You need to produce an image of the screenshot with the detected interaction elements overlaid on it, outlined, et cetera. So there's a bunch of image manipulation going on there.

And so this is also something you can do fairly easily with Pixeltable without having to think about intermediate storage of my derived image files and so forth.

Rachel: Yeah, I am beginning to see how strong the name is now, it's a way of structuring and ordering any kind of visual data and making it accessible to AI. Is that an accurate characterization?

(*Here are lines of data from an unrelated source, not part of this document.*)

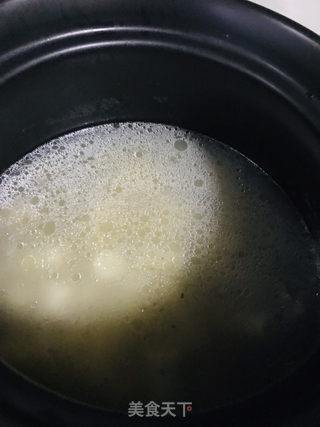 猪骨煲山药的做法步骤:6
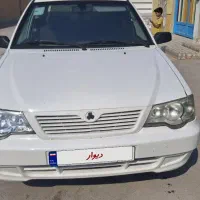 132 تمیز یه گلگیر رنگ یکی از شاسی جلو ترک ریز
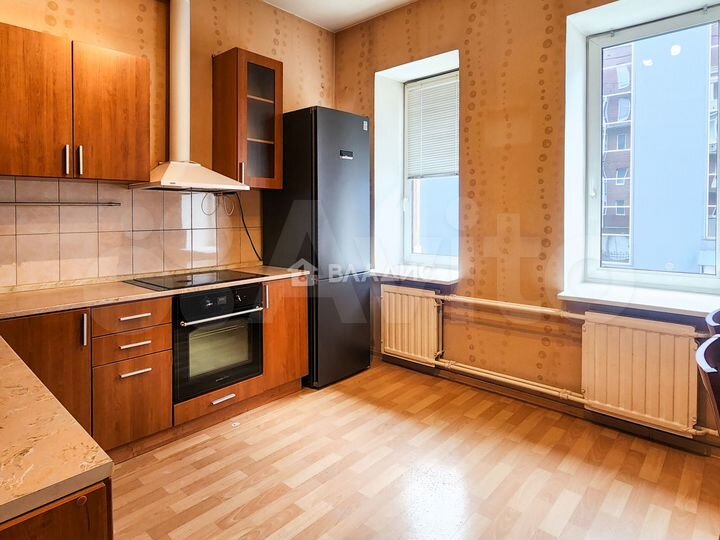 1-к. квартира, 50,5 м², 2/6 эт.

Marcel: Well, it started in visual data field, but now we've expanded into audio documents and so forth.

So Pixeltable allows you easily to take a video, extract the audio, and then invoke a model to transcribe the audio, or if the audio is too long, break it up into smaller chunks and then submit to a model and so forth.

Again, all of the file handling that would normally be involved in that goes away. And you can just think about the algorithms, the logic of your application and not so much about, like I said, file storage and, and running audio extraction and chunking the audio and so forth.

Rachel: Taking a little bit of a left turn here, what are some of the challenges you've faced? You've been a tech leader on a lot of enormous and influential products, but now you're a founder.

How is that different, how is it similar? What was hard about leveling up?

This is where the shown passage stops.